EXERCISE DETAILS: Copy task, pictures excluded: set down exactly the lines from the one containing "Thumbnail: 2021 Porsche Macan - 18" to the end of the data below.

═══ DATASET SECTION ═══

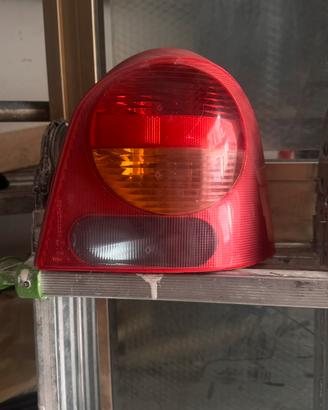 Twingo faro posteriore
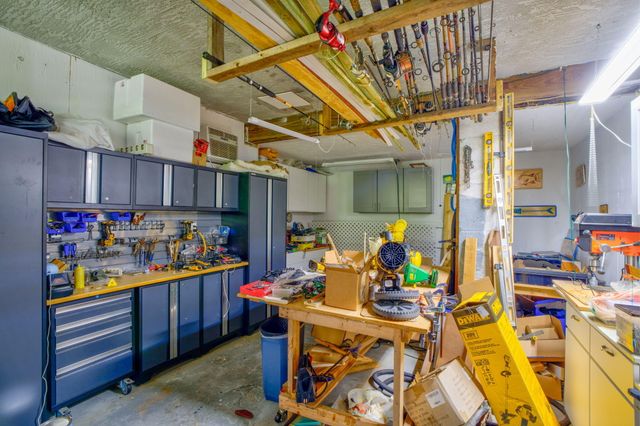 894 Ellen Drive, Key Largo, FL 33037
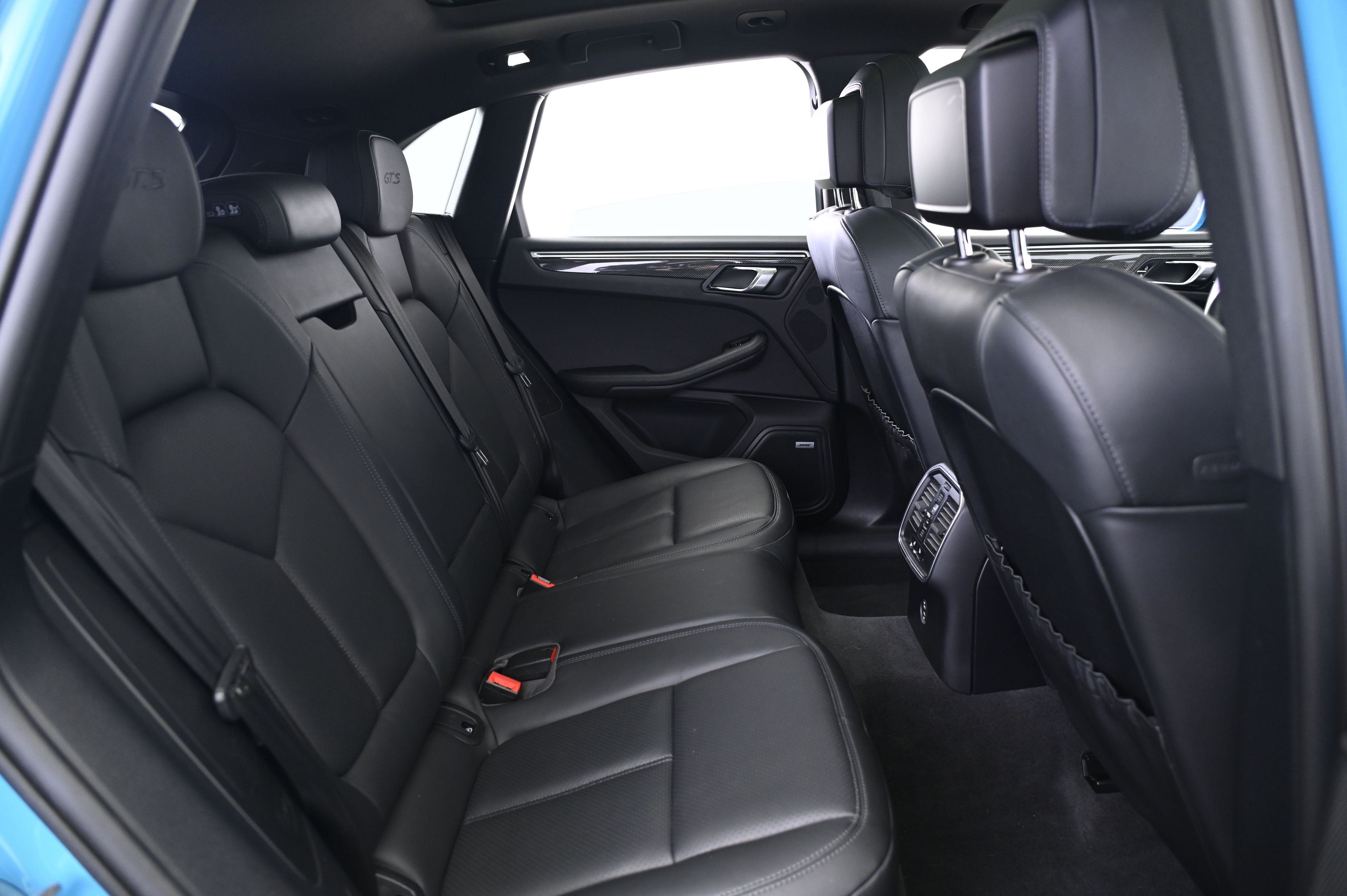 Thumbnail: 2021 Porsche Macan - 18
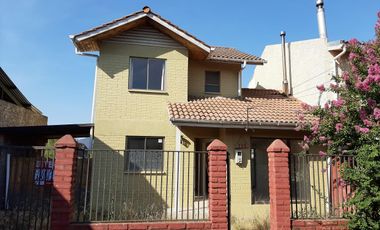 Hermosa Casa En Santa Cruz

═══

RESPONSE AREA:
 Thumbnail: 2021 Porsche Macan - 18
 Hermosa Casa En Santa Cruz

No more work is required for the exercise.